= Jean-François de la Trémoille =

French Roman Catholic bishop and cardinal

Jean-François de la Trémoille (died 1507) was a French Roman Catholic bishop and cardinal.

==Biography==

A member of the House of La Trémoille, Jean-François de la Trémoille was born in the Kingdom of France ca. 1465–70, the son of Louis I de La Trémoille, Viscount of Thouars and brother of Louis II de la Trémoille.

Early in his career, he became a canon of the cathedral chapter of Orléans Cathedral. He tried to become Bishop of Agen in 1487, but lost to Leonardo Grosso della Rovere. In 1488, he became a canon of the cathedral chapter of Castres Cathedral. He also became a protonotary apostolic.

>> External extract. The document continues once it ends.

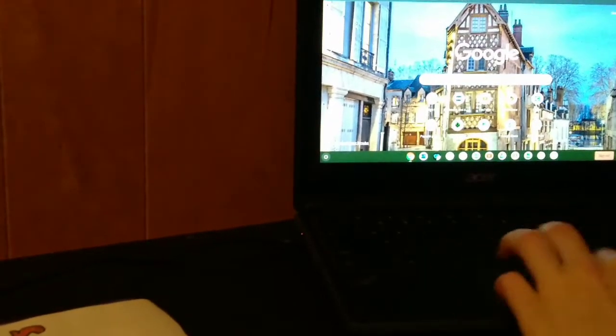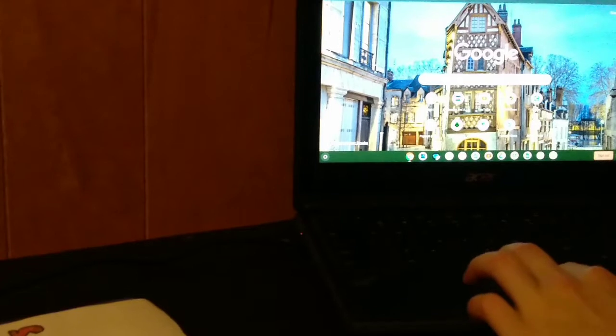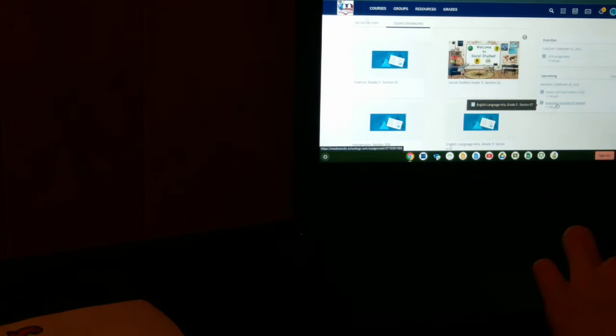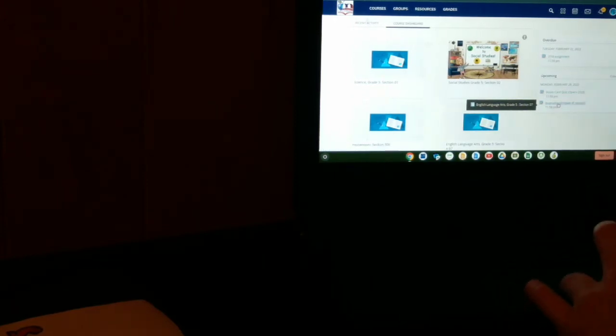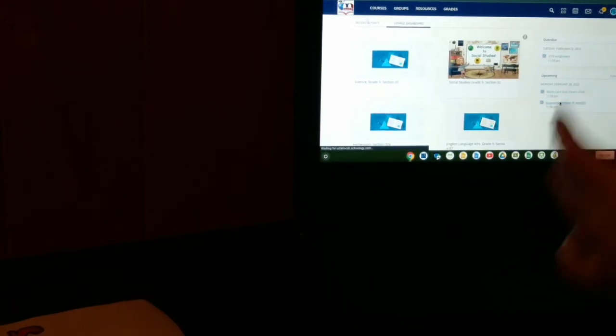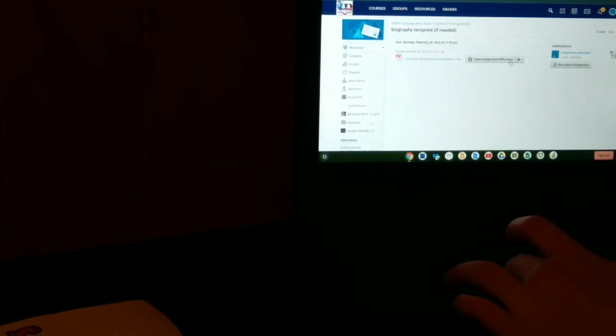You are going to want to go on your computer, go to your account, and open your assignment. You can create your own template, but I'm going to open the assignment with Canva.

On November 5, 1490, he was elected Archbishop of Auch. He became the apostolic administrator of the see of Poitiers on December 5, 1505, a position he held until his death.

Pope Julius II made him a cardinal priest in the consistory of December 18, 1506. He died before he received the red hat of a titular church.

He died in Milan sometime before June 19, 1507. He was buried in the collegiate church of Notre-Dame in Thouars. He received heart-burial; his heart was buried at the Franciscan convent in Milan.